==== Task inputs ====

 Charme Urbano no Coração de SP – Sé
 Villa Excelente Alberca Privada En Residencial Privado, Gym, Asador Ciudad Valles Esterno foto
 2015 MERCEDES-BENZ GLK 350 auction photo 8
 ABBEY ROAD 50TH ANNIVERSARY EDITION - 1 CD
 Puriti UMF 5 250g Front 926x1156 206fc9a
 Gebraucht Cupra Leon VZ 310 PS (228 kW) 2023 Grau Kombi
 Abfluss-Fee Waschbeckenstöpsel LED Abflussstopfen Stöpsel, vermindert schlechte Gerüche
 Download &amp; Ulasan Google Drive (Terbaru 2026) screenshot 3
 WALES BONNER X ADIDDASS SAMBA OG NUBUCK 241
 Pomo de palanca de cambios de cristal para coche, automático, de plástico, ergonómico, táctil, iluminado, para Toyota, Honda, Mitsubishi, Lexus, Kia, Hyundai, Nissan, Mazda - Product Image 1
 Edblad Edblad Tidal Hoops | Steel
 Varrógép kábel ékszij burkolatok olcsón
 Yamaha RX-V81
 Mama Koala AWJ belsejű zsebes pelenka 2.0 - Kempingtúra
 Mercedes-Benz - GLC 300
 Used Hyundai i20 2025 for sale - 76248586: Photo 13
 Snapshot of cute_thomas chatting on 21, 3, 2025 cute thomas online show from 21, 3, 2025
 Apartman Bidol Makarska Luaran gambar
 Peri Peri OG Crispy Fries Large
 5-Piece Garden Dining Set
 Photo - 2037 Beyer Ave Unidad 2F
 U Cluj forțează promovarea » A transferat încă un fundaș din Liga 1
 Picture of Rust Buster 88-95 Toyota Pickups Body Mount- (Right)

====

Retype the entries shown above. Keep every word exactly as it is.

 Charme Urbano no Coração de SP – Sé
 Villa Excelente Alberca Privada En Residencial Privado, Gym, Asador Ciudad Valles Esterno foto
 2015 MERCEDES-BENZ GLK 350 auction photo 8
 ABBEY ROAD 50TH ANNIVERSARY EDITION - 1 CD
 Puriti UMF 5 250g Front 926x1156 206fc9a
 Gebraucht Cupra Leon VZ 310 PS (228 kW) 2023 Grau Kombi
 Abfluss-Fee Waschbeckenstöpsel LED Abflussstopfen Stöpsel, vermindert schlechte Gerüche
 Download &amp; Ulasan Google Drive (Terbaru 2026) screenshot 3
 WALES BONNER X ADIDDASS SAMBA OG NUBUCK 241
 Pomo de palanca de cambios de cristal para coche, automático, de plástico, ergonómico, táctil, iluminado, para Toyota, Honda, Mitsubishi, Lexus, Kia, Hyundai, Nissan, Mazda - Product Image 1
 Edblad Edblad Tidal Hoops | Steel
 Varrógép kábel ékszij burkolatok olcsón
 Yamaha RX-V81
 Mama Koala AWJ belsejű zsebes pelenka 2.0 - Kempingtúra
 Mercedes-Benz - GLC 300
 Used Hyundai i20 2025 for sale - 76248586: Photo 13
 Snapshot of cute_thomas chatting on 21, 3, 2025 cute thomas online show from 21, 3, 2025
 Apartman Bidol Makarska Luaran gambar
 Peri Peri OG Crispy Fries Large
 5-Piece Garden Dining Set
 Photo - 2037 Beyer Ave Unidad 2F
 U Cluj forțează promovarea » A transferat încă un fundaș din Liga 1
 Picture of Rust Buster 88-95 Toyota Pickups Body Mount- (Right)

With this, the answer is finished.